Spy Kids! GCHQ event highlights language opportunities for Welsh school pupils
15 Rhagfyr 2017
Budding linguists from across Wales recently took part in a top-secret event to learn more about how language skills are crucial to the UK’s intelligence service.
On 16 November, Government Communications Headquarters (GCHQ) visited the School of Modern Languages to give Year 10 pupils an unprecedented insight into their work.
The School of Modern Languages, GCHQ and Business Language Champions worked together to host the event entitled ‘The word is not enough’.
GCHQ plays a part in the fight against terrorism, drug trafficking, and other forms of serious crime, as well as providing support to military operations across the world. Working with the UK’s international partners, GCHQ help inform UK policy on a range of security topics but did you realise they employ a large team of linguists to help with their work?
To illustrate how multilingual staff are essential to GCHQ’s remit, pupils from a number of Welsh schools became language analysts for the day; taking an area of government work as a theme. The students competed against each other in a number of tasks which used their language skills to uncover details about hypothetical international crimes. The pupils also experienced language sessions in Korean, Arabic and Mandarin Chinese to give them a taste of the languages that are most relevant to GCHQ’s work.
At the end of the event, the team of pupils from Bishop Gore School, Swansea was crowned winner of the day and awarded the exciting prize of a day out at Bletchley Park, home of the WW2 codebreakers. The team will be able to explore and experience the top-secret world of iconic codebreaking huts and blocks set within an atmospheric Victorian estate.
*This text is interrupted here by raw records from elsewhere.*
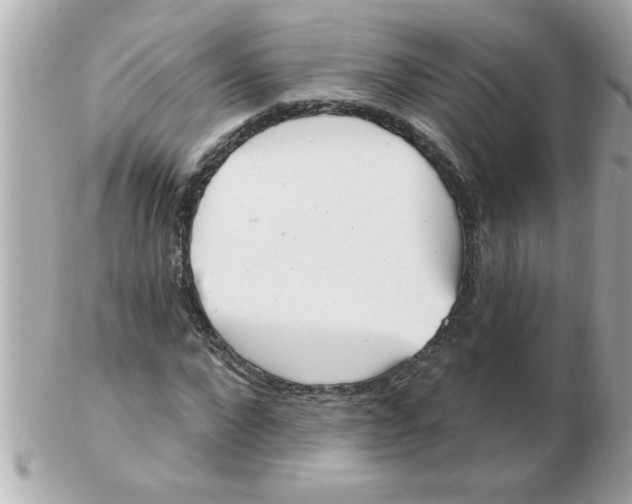 X0000102530872200808291818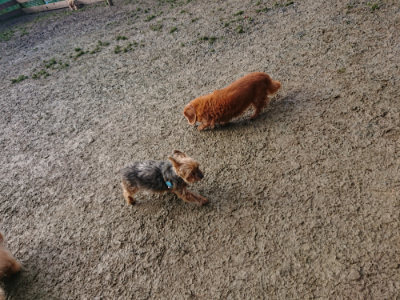 f:id:roukenhome-ann:20190124075158j:plain
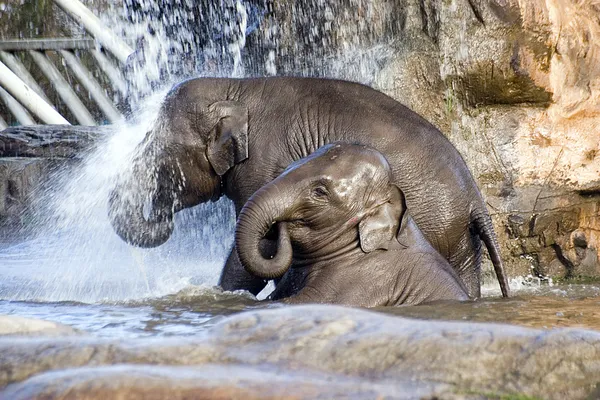 코끼리 샤워 — 스톡 사진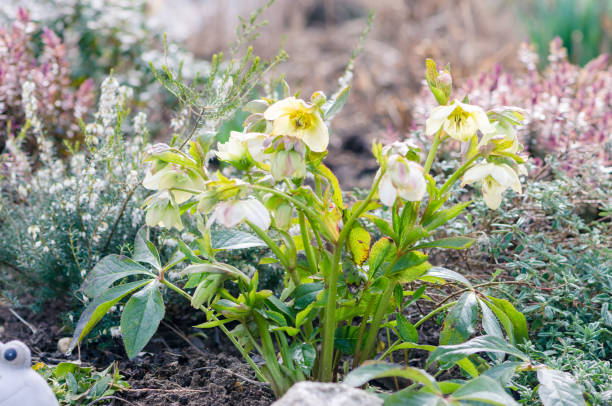 white helleborus blooming in springtime stock photo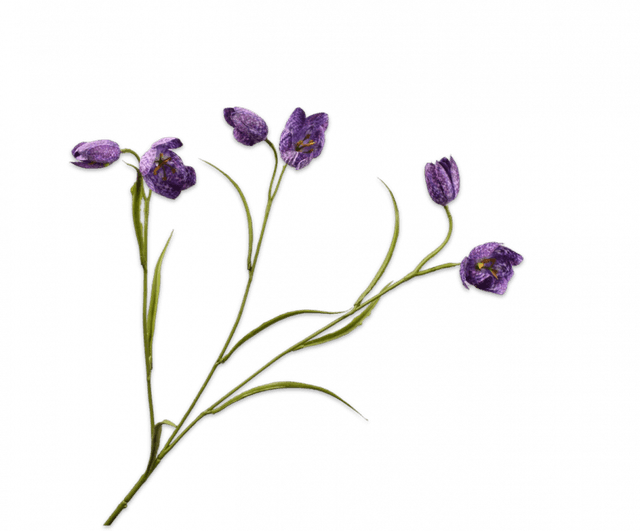 Silk-Ka Fritillaria Tak Lavendel 
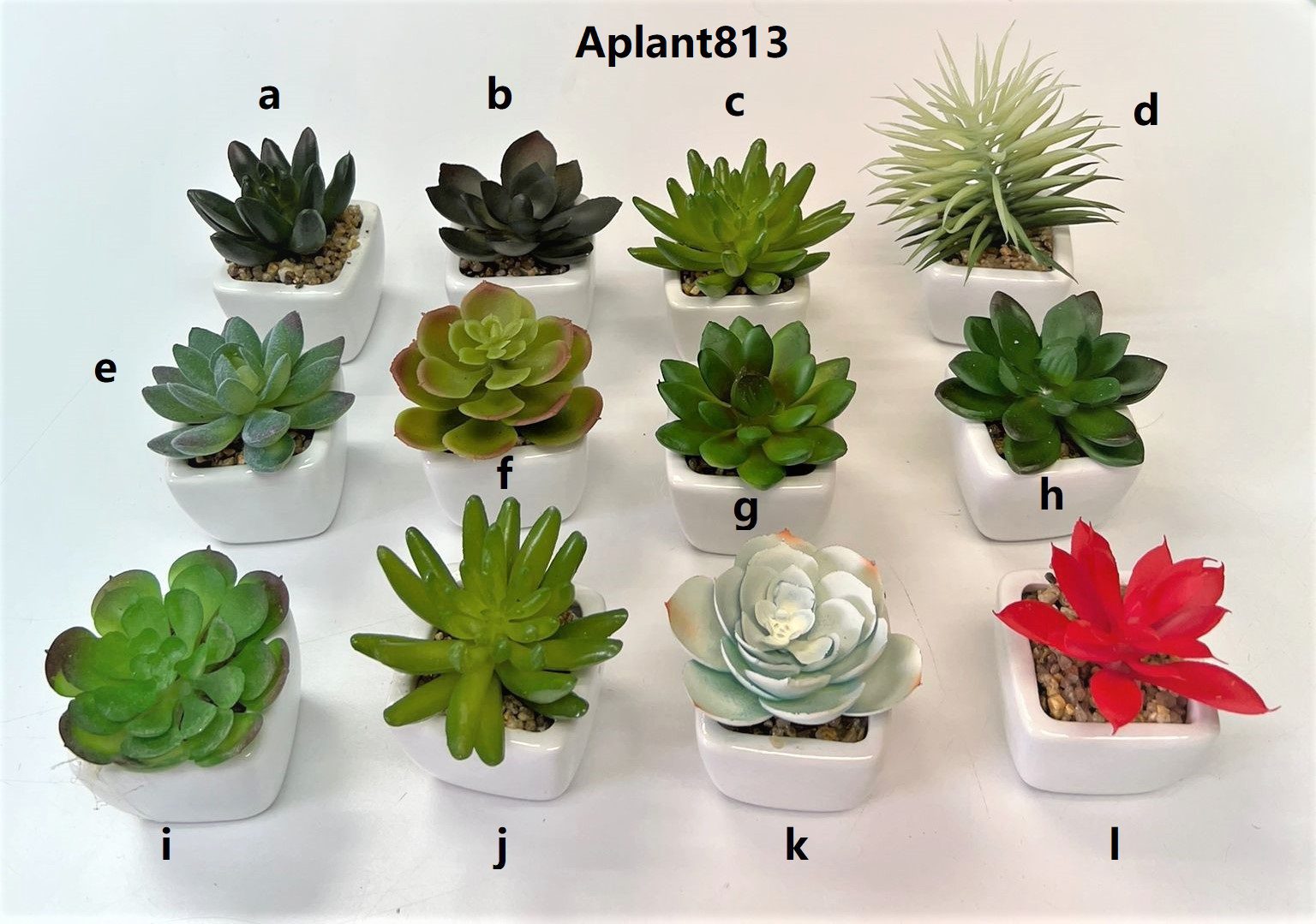 Aplant813 5 1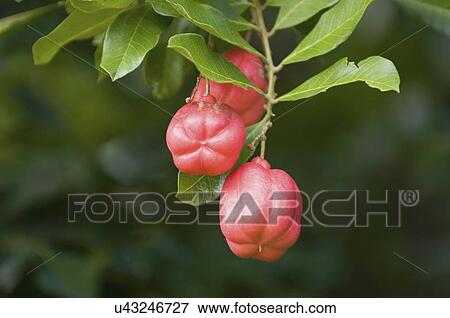 Stock Photo - Ackee fruit. Fotosearch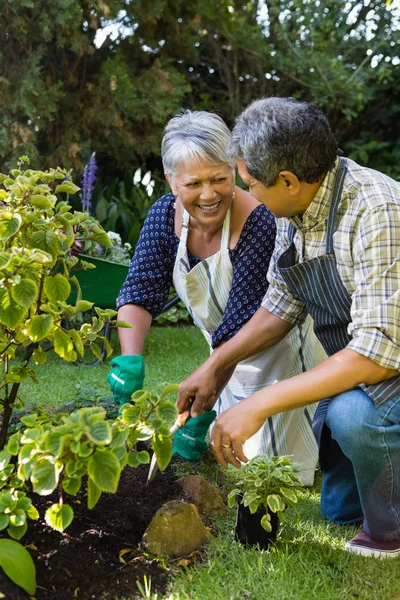 Bahçede bahçıvanlık yapan yaşlı çift. — Stok fotoğraf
Thank you to Ysgol Bryngwyn, Ysgol Bro Dinefwr, Ysgol Dyffryn Ogwen, Cwmtawe Community School, Crickhowell High School, Bishop Gore School, Ysgol Gymraeg Ystalyfera, and Ysgol Dyffryn Aman for all visiting the School and taking part in such a fun day. Languages can open up your world to a whole host of careers and days like this help school pupils see the multitude of possibilities ahead of them.